Namazını eda edenin kaza kılana, farzı kılanın nafile kılana, öğle namazını kılanın ikindiyi kılana veya ikindiyi kılanın öğle na­mazını kılana uyması sahihtir. Keza öğle namazım kılanın sabah ve akşam namazını kılana uyması da sahihtir. Bu durumda cemaat mesbûk kimse hükmündedir.

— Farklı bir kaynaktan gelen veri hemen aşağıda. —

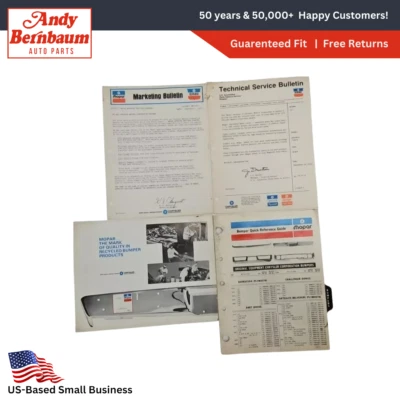 1974 Chrysler Parachoques Rápido Técnico Reparación Servicio Guía W/Marketing - Imagen 1 de 4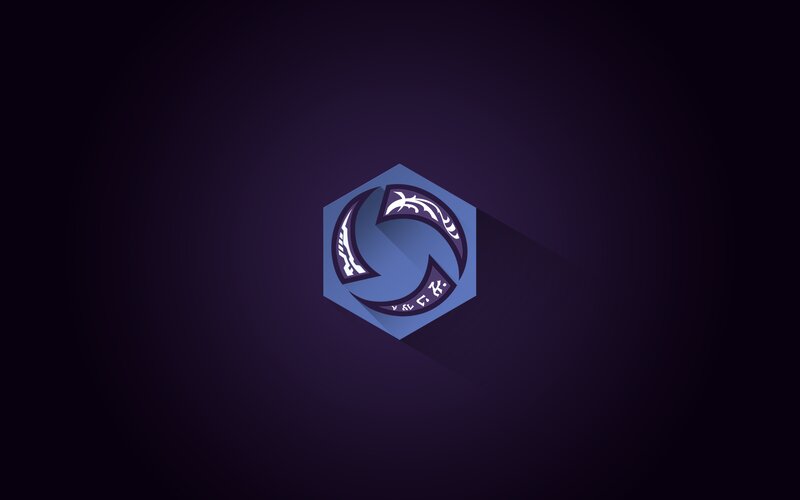 Hexagonal Logo with Swirl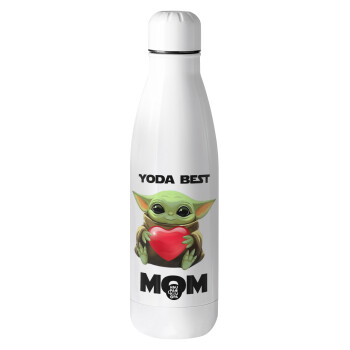 Yoda Best mom, Μεταλλικό παγούρι Stainless steel, 700ml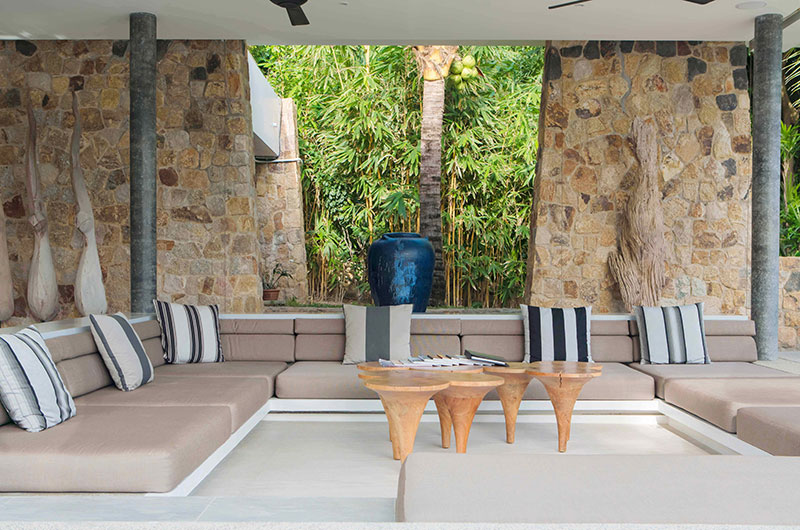 Samujana 19 Open Plan Lounge Area | Choeng Mon, Koh Samui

Sabah namazında kunut esnasında veya akşam namazının son oturuşunda imama uymanın bir zararı yoktur. İmam kunutu okur­ken veya son oturuşu yaparken sözgelimi öğleyi kılmak üzere tabi olan muktedi, imamdan ayrılma niyetini getirerek imamdan ayrıla­bilir. Lakin imama uyup beklemesi ve imam selâm verdikten sonra kalkıp namazın geri kalanını tamamlaması daha faziletlidir.

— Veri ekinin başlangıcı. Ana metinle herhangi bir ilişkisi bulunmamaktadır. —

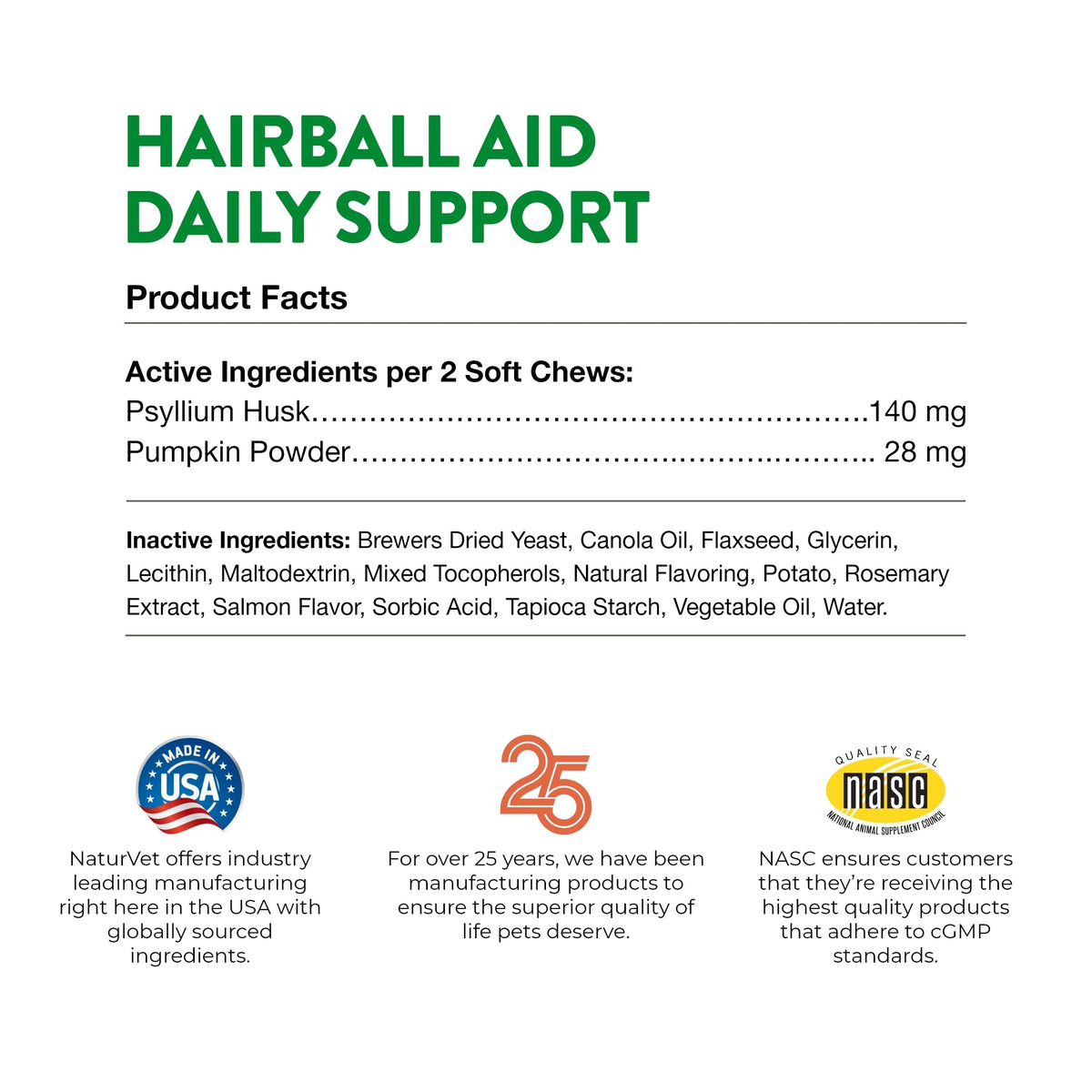 Hairball Remedy Digestive Aid Supplement 50 Soft Chews J996117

En zahir kavle göre sabah namazını kılanın, öğle namazını kıldırana uyması caizdir. İmam üçüncü rekâta kalktığı zaman muk­tedi isterse ayrılma niyetini getirir ve selâm verir, isterse imamla birlikte selâm vermek için bekler. Ben diyorum ki; imamı beklemesi daha faziletlidir. Allah daha iyi bilir.

Sabah namazını kılıp öğleyi kıldıran imama tabi olan kişi, mümkün ise ikinci rekâtta kunutu okur, mümkün değilse kunutu terk eder. İsterse niyet edip imamdan ayrılır ve kunut duasını okur.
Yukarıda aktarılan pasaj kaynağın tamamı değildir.